=== DATA FOR THIS TASK ===
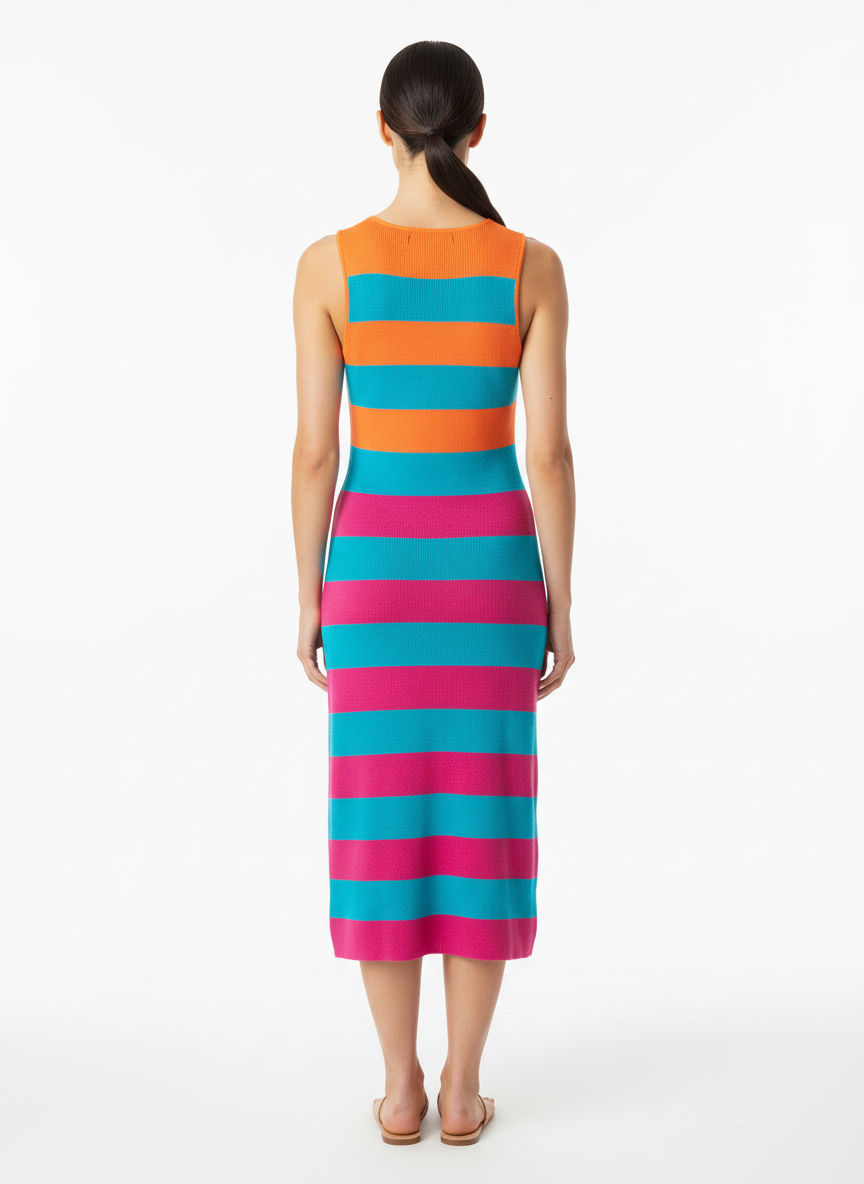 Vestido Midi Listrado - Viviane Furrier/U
===
=== DATA FOR THIS TASK ===
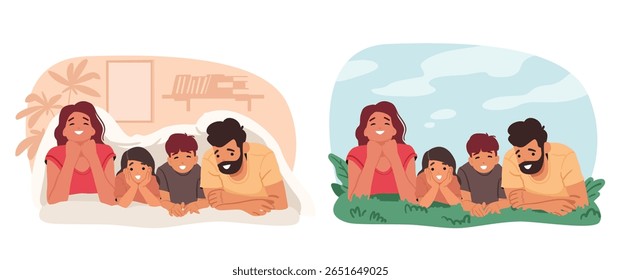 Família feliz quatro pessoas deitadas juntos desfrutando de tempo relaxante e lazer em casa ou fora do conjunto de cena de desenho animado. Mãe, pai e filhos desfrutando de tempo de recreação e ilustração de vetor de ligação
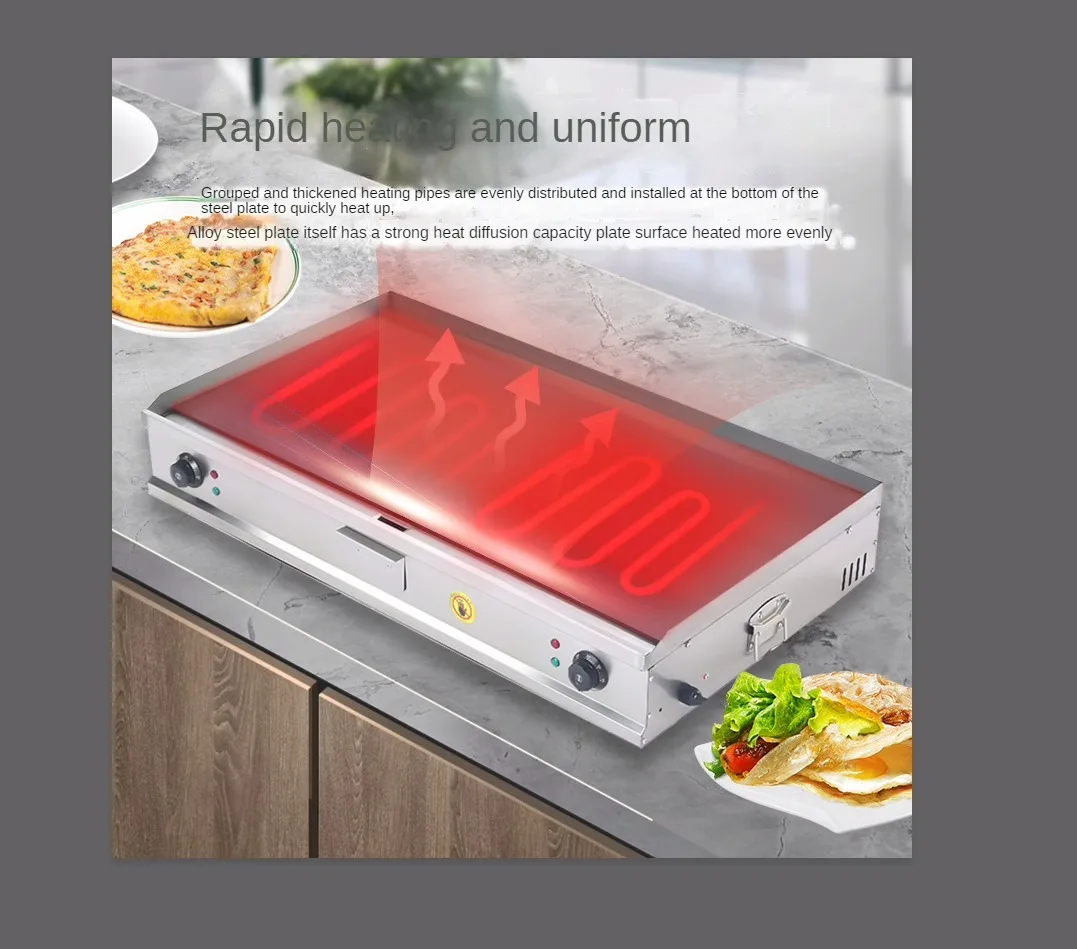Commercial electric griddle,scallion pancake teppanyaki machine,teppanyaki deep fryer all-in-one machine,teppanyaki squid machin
===
__AIM OF THE EXERCISE__. Both boundary lines included, write out word for word only the lines above from the one containing "Família feliz quatro" to the one containing "Commercial electric griddle,scallion", leaving out any pictures.

__ANSWER BOX__.
 Família feliz quatro pessoas deitadas juntos desfrutando de tempo relaxante e lazer em casa ou fora do conjunto de cena de desenho animado. Mãe, pai e filhos desfrutando de tempo de recreação e ilustração de vetor de ligação
Commercial electric griddle,scallion pancake teppanyaki machine,teppanyaki deep fryer all-in-one machine,teppanyaki squid machin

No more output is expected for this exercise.